__PROMPT__. Please give all of the data again, character for character, and drop the pictures.

__RECORDED DATA__.
..........
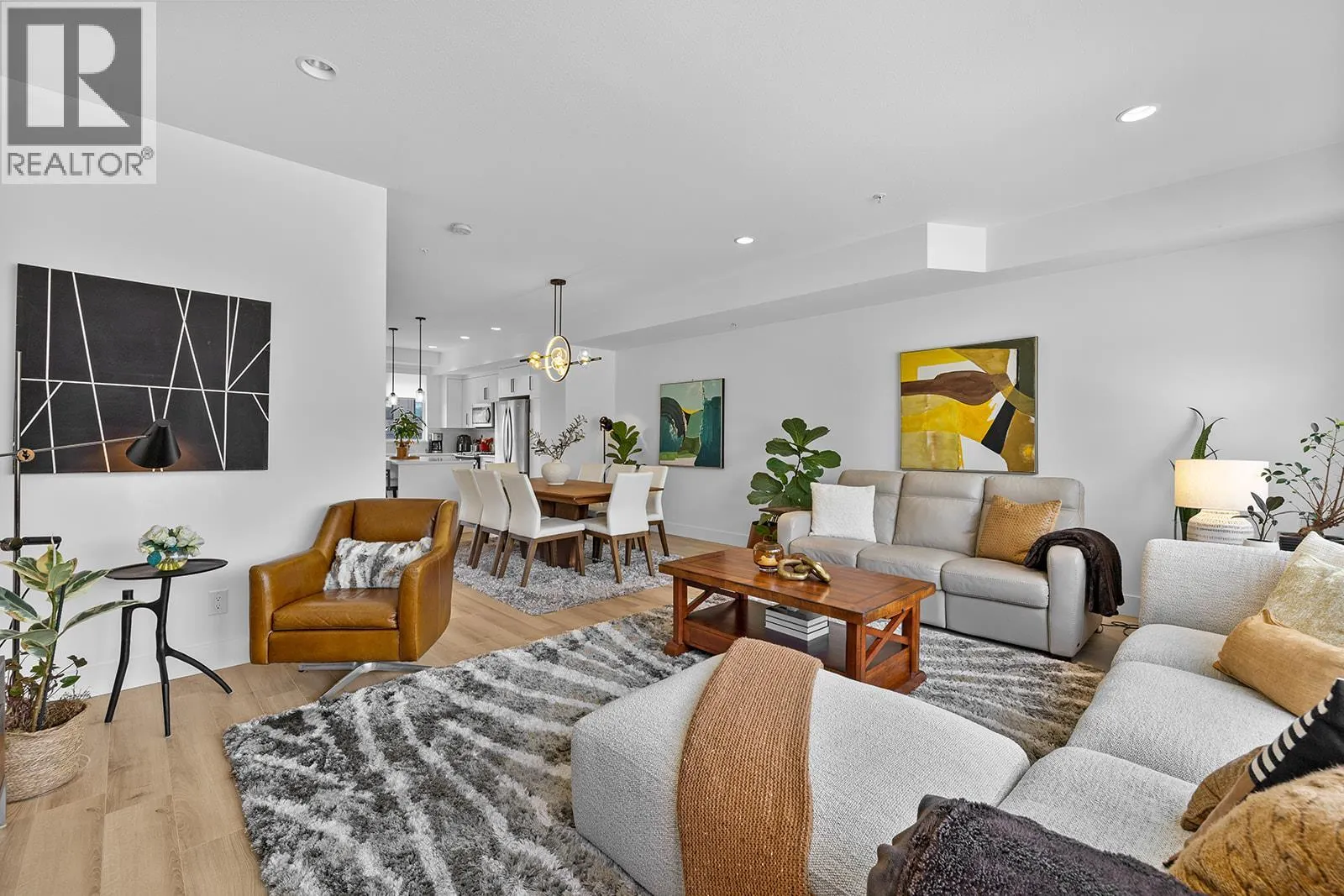 12798 Lake Hill Drive Unit# 73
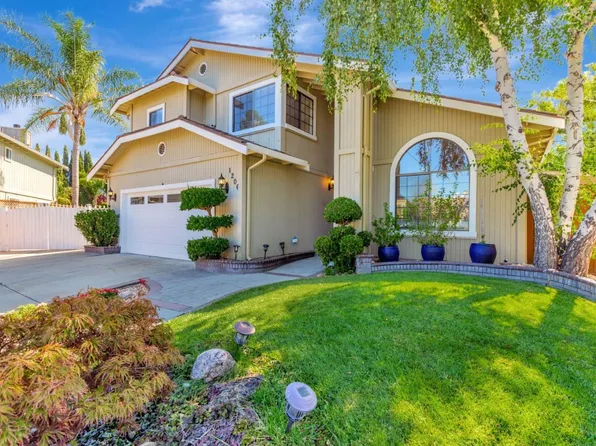 1206 Sycamore Ct, Gilroy, CA 95020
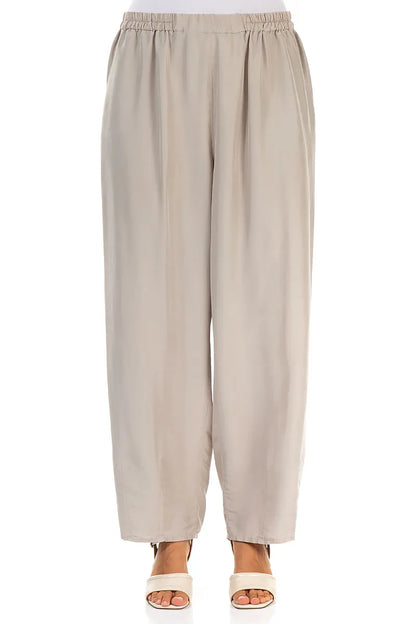 Pantalon fuselé beige en pure soie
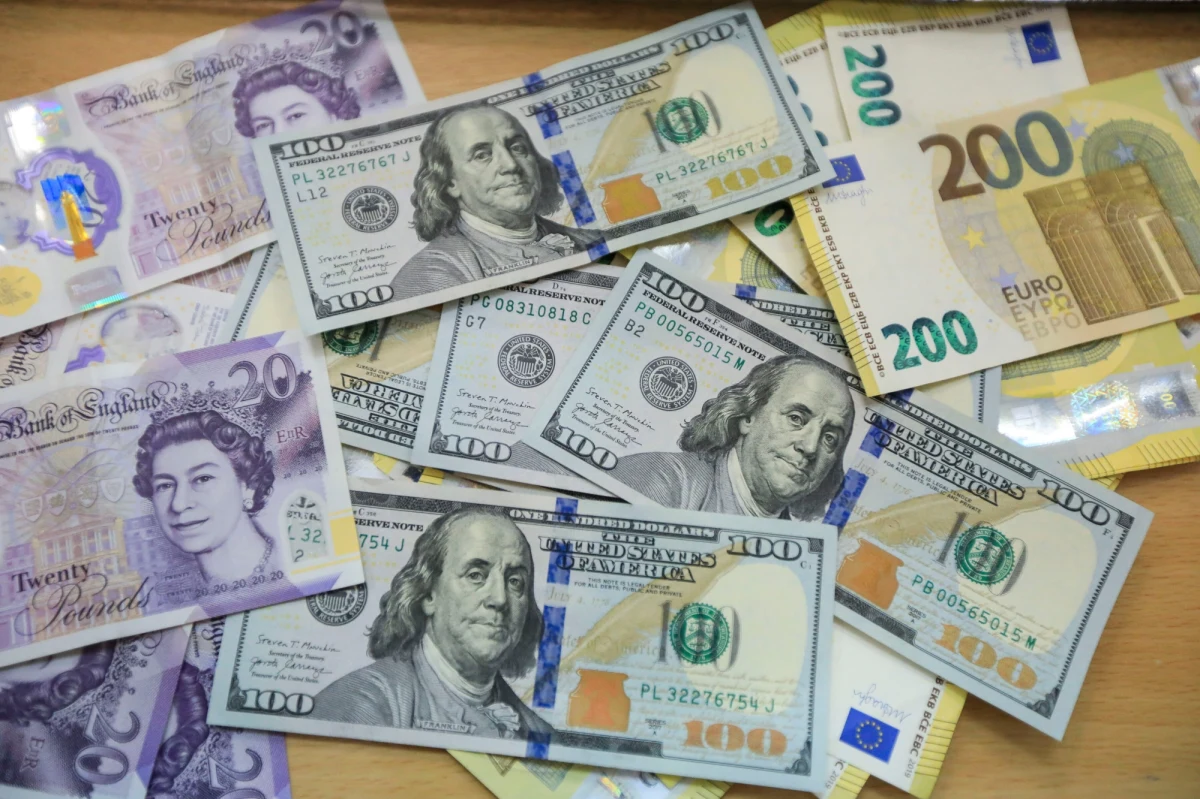 Dolar jest najdroższy w historii - osiągnął granicę 5 złotych. W górę szybuje frank szwajcarski, który również przedostał się powyżej 5 złotych. Kurs euro przekracza 4,80 zł. Na mocnej wyprzedaży jest funt brytyjski. Niestety słabnie też polski złoty.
..........
__WRITTEN REPLY__.
 12798 Lake Hill Drive Unit# 73
 1206 Sycamore Ct, Gilroy, CA 95020
 Pantalon fuselé beige en pure soie
 Dolar jest najdroższy w historii - osiągnął granicę 5 złotych. W górę szybuje frank szwajcarski, który również przedostał się powyżej 5 złotych. Kurs euro przekracza 4,80 zł. Na mocnej wyprzedaży jest funt brytyjski. Niestety słabnie też polski złoty.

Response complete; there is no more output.